[Scraped caption text data]

[Start of section]

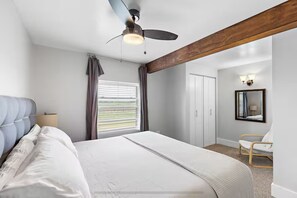 2 bedrooms, desk, WiFi, bed sheets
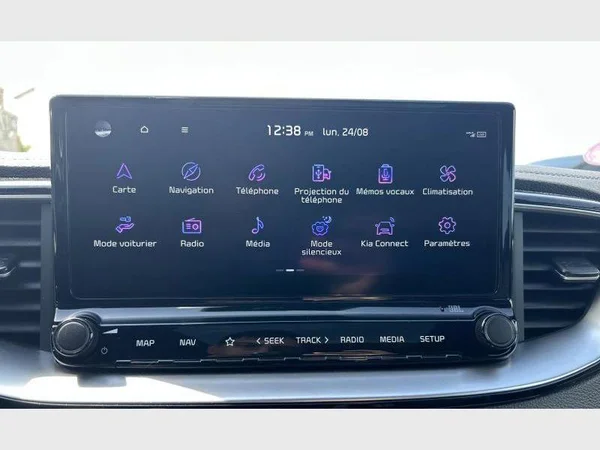 Kia XCEED (2024) — foto 15 van 33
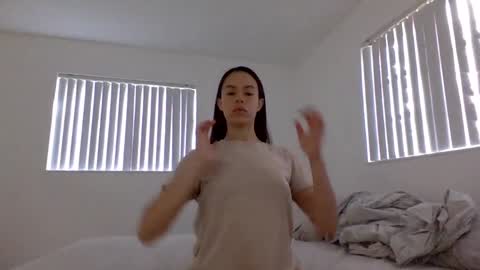 Snapshot of lovelylovelybrooke chatting on February 2025 09:11:02 PM lovelylovelybrooke online show from February 2025 09:11:02 PM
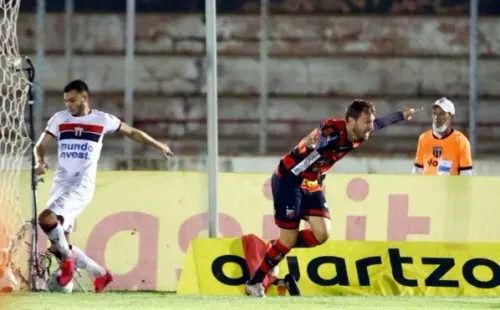 Foto: Thiago Calil/AGIF – O jogador chegou ao Galo neste ano, vindo do Avaí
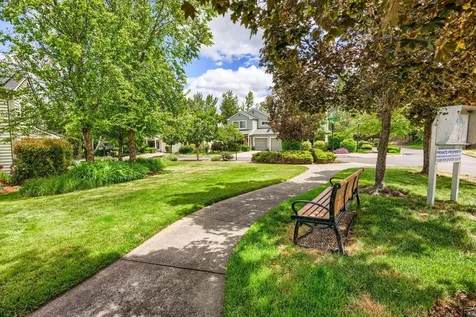 138 Crocker Street Ashland OR 97520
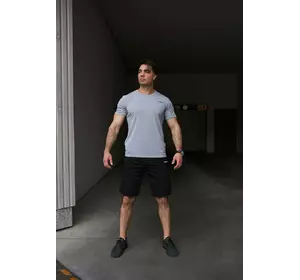Комплект чоловічий Reebok: футболка сіра + шорти чорні Комплект чоловічий Reebok: футболка сіра + шорти чорні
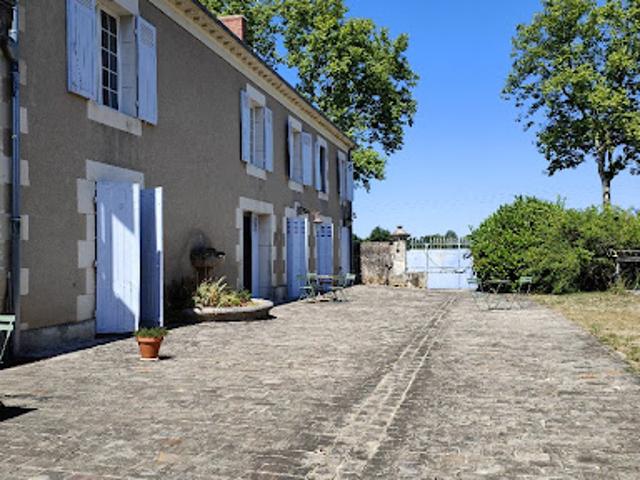 Vente Maison 16 pièces 470 m2 Tours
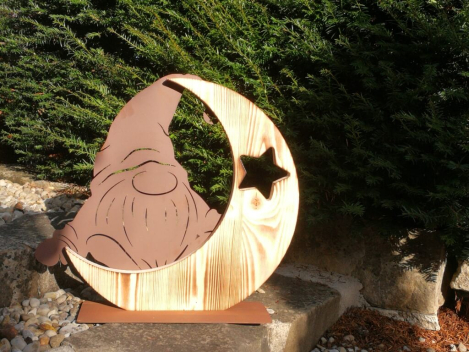 Preview: Edelrost Weihnachtswichtel Willi auf Holzmond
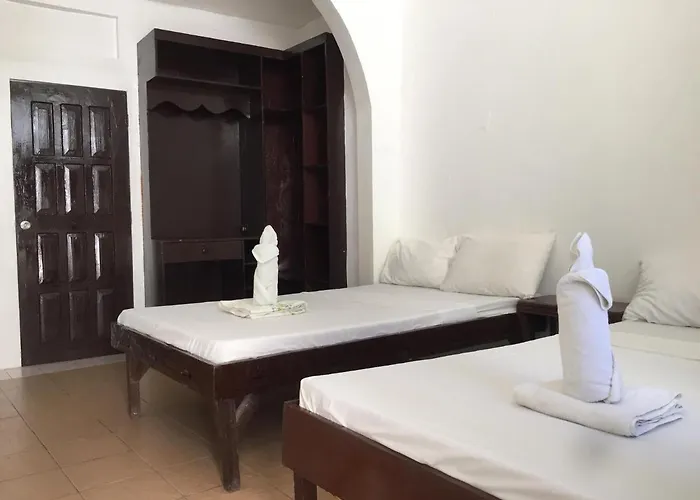The Victorian Bantayan Island Hotel 3*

[End of section]

## Task
Omit every picture while transcribing the records above exactly.

## Result
 2 bedrooms, desk, WiFi, bed sheets
 Kia XCEED (2024) — foto 15 van 33
 Snapshot of lovelylovelybrooke chatting on February 2025 09:11:02 PM lovelylovelybrooke online show from February 2025 09:11:02 PM
 Foto: Thiago Calil/AGIF – O jogador chegou ao Galo neste ano, vindo do Avaí
 138 Crocker Street Ashland OR 97520
Комплект чоловічий Reebok: футболка сіра + шорти чорні Комплект чоловічий Reebok: футболка сіра + шорти чорні
 Vente Maison 16 pièces 470 m2 Tours
 Preview: Edelrost Weihnachtswichtel Willi auf Holzmond
The Victorian Bantayan Island Hotel 3*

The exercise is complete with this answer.